Requirement —
Both ends included, restate word for word the lines from the first line of the listing through the line containing "Mini frigo de chambre, frigo". Leave the pictures out.

Dataset —

----------

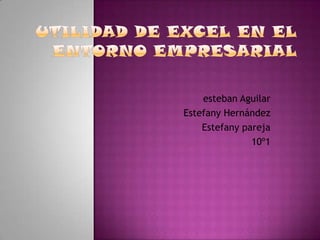 esteban Aguilar
Estefany Hernández
Estefany pareja
10º1
 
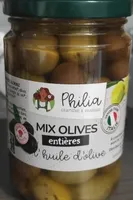 Mix olives entières huile d'olive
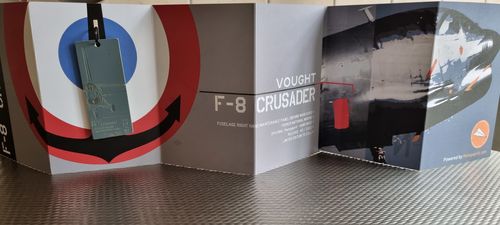 Customer photo review of F-8 CRUSADER French National Marine fuselage tags - Limited edition to 22 " Garage Tags "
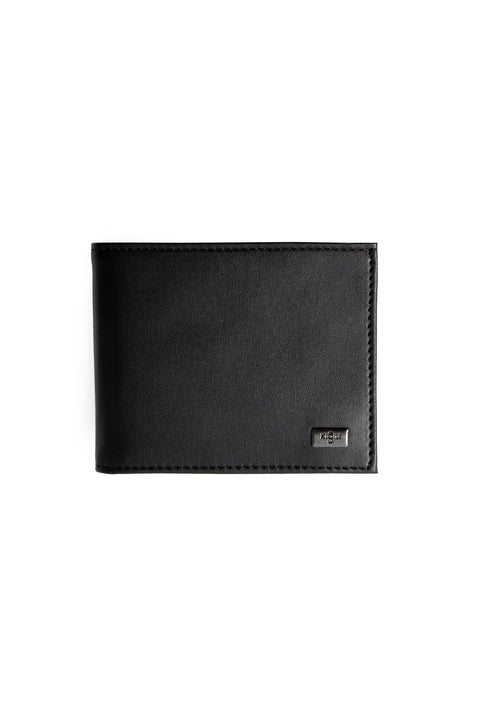 Light Black Plain Wallet with Card Holder and Money Compartment, Gift Box Included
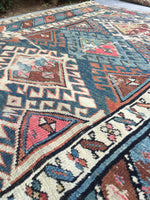 3'3 x 9'9 Antique Caucasian Runner (#958) - Blue Parakeet Rugs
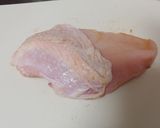 レンジで簡単♪鶏胸肉の香味野菜のせ作り方1写真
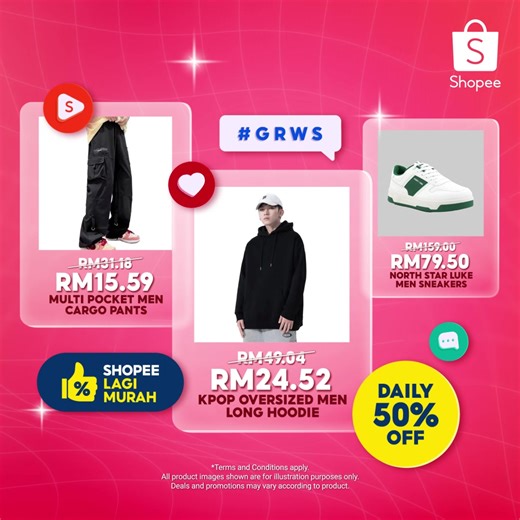 2.5K reactions | Get ready to level up your style this 8.8 Shopee Live Fashion Week!  Enjoy Daily 50% Off Fashion Trends,  Free Shipping with No Min. Spend,  Daily 50% Off Livestream Voucher, plus so much more. Shop on Shopee now! | Shopee | Facebook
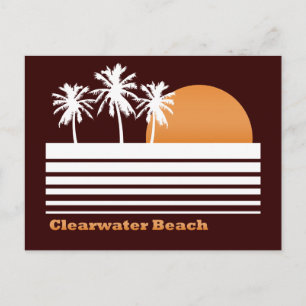 Carte postale Retro Clearwater Beach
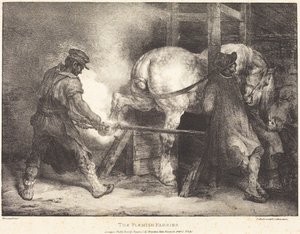 Vlámský kovář od Theodore Gericault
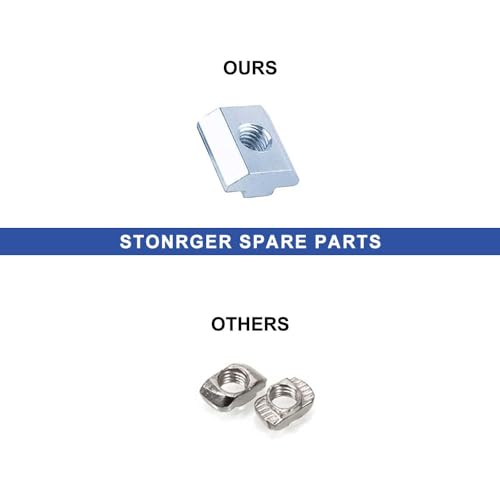 Image of 12pcs 2020 Angle Bracket Corner 2020 Hardware Extruded Aluminum V-Slotted Accessories T-Slot with T Nuts and Screws for 8020 Aluminum Profile 3D Printer Frame Accessories Black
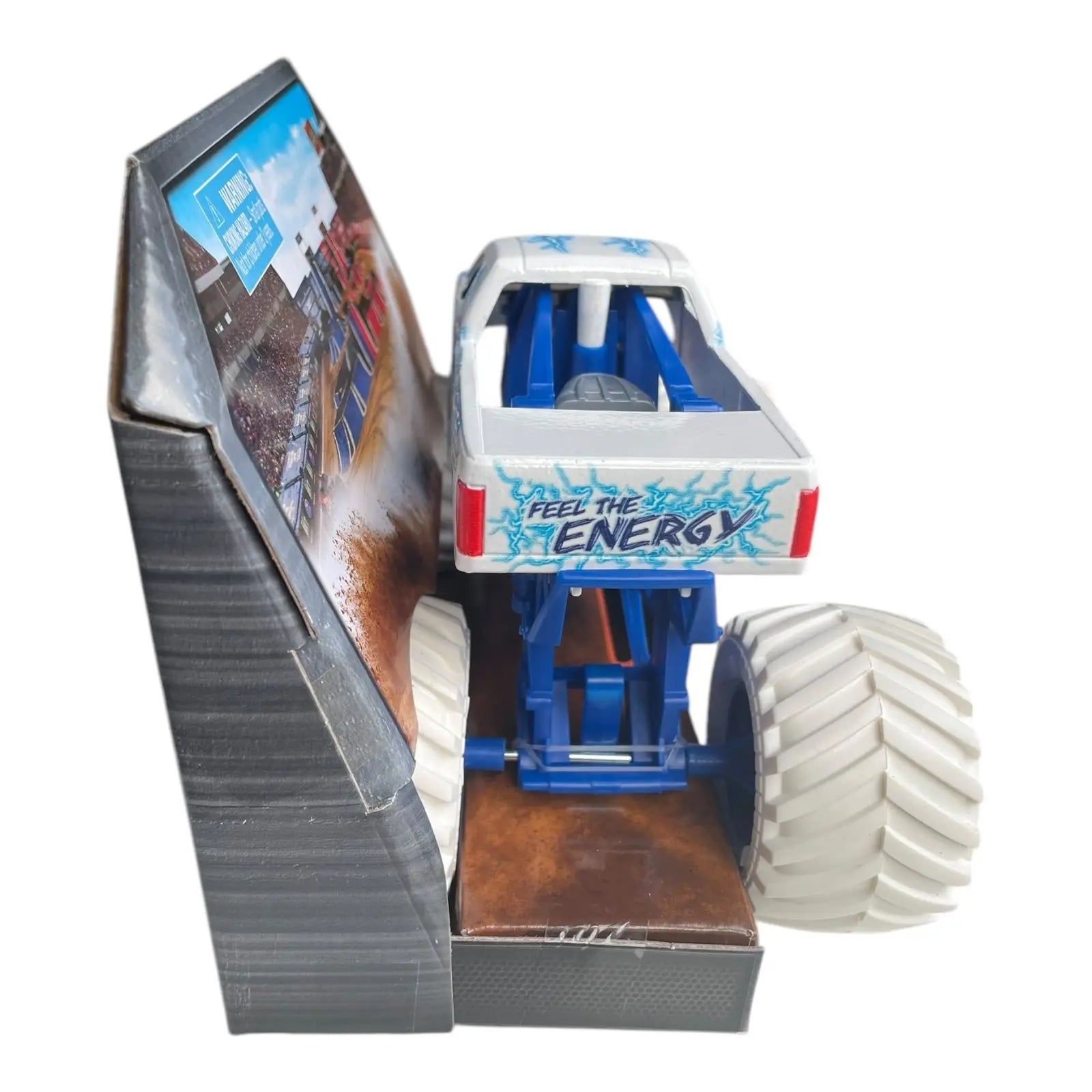 Monster Jam 1:24 Die Cast Blue Thunder - Kawaii Toys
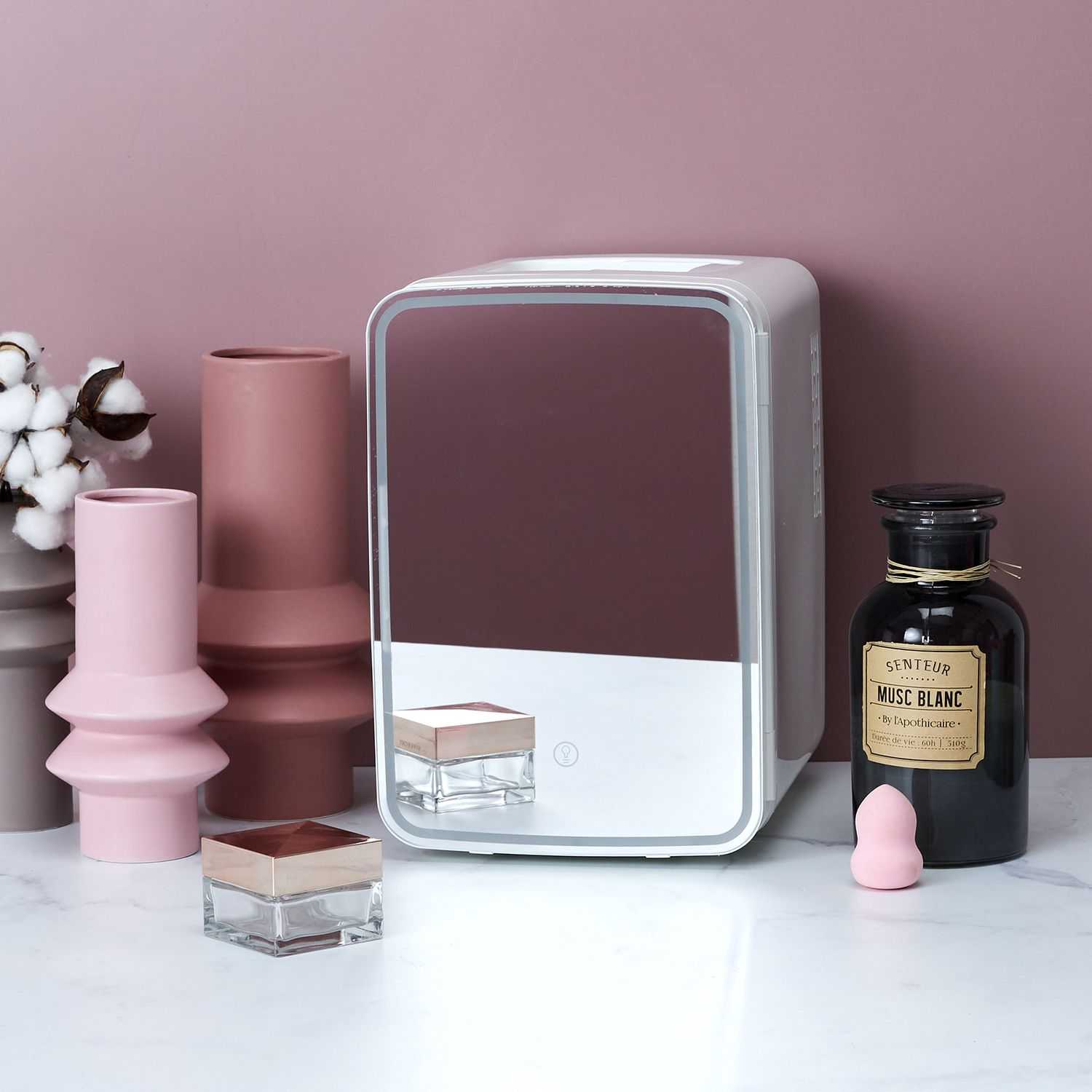 Mini frigo de chambre, frigo cosmetique, eclairage led unique et miroir de maquillage  avec fonctions de refroidissement et de chau - Achat / Vente mini-bar –  mini frigo mini frigo de chambre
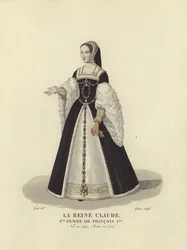Claude of Brittany, first wife of King Francis I of France
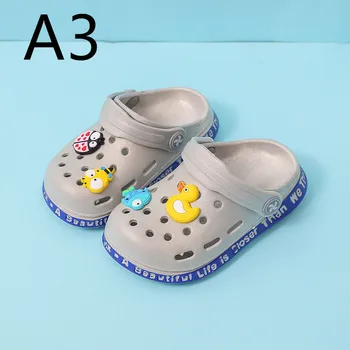 Detské papuče lete krytý domácnosti detský domov kúpeľni vaňa s non-slip mäkké dno detské sandále A1-15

----------

Written response —
 esteban Aguilar
Estefany Hernández
Estefany pareja
10º1
 
 Mix olives entières huile d'olive
 Customer photo review of F-8 CRUSADER French National Marine fuselage tags - Limited edition to 22 " Garage Tags "
 Light Black Plain Wallet with Card Holder and Money Compartment, Gift Box Included
 3'3 x 9'9 Antique Caucasian Runner (#958) - Blue Parakeet Rugs
 レンジで簡単♪鶏胸肉の香味野菜のせ作り方1写真
 2.5K reactions | Get ready to level up your style this 8.8 Shopee Live Fashion Week!  Enjoy Daily 50% Off Fashion Trends,  Free Shipping with No Min. Spend,  Daily 50% Off Livestream Voucher, plus so much more. Shop on Shopee now! | Shopee | Facebook
 Carte postale Retro Clearwater Beach
 Vlámský kovář od Theodore Gericault
 Image of 12pcs 2020 Angle Bracket Corner 2020 Hardware Extruded Aluminum V-Slotted Accessories T-Slot with T Nuts and Screws for 8020 Aluminum Profile 3D Printer Frame Accessories Black
 Monster Jam 1:24 Die Cast Blue Thunder - Kawaii Toys
 Mini frigo de chambre, frigo cosmetique, eclairage led unique et miroir de maquillage  avec fonctions de refroidissement et de chau - Achat / Vente mini-bar –  mini frigo mini frigo de chambre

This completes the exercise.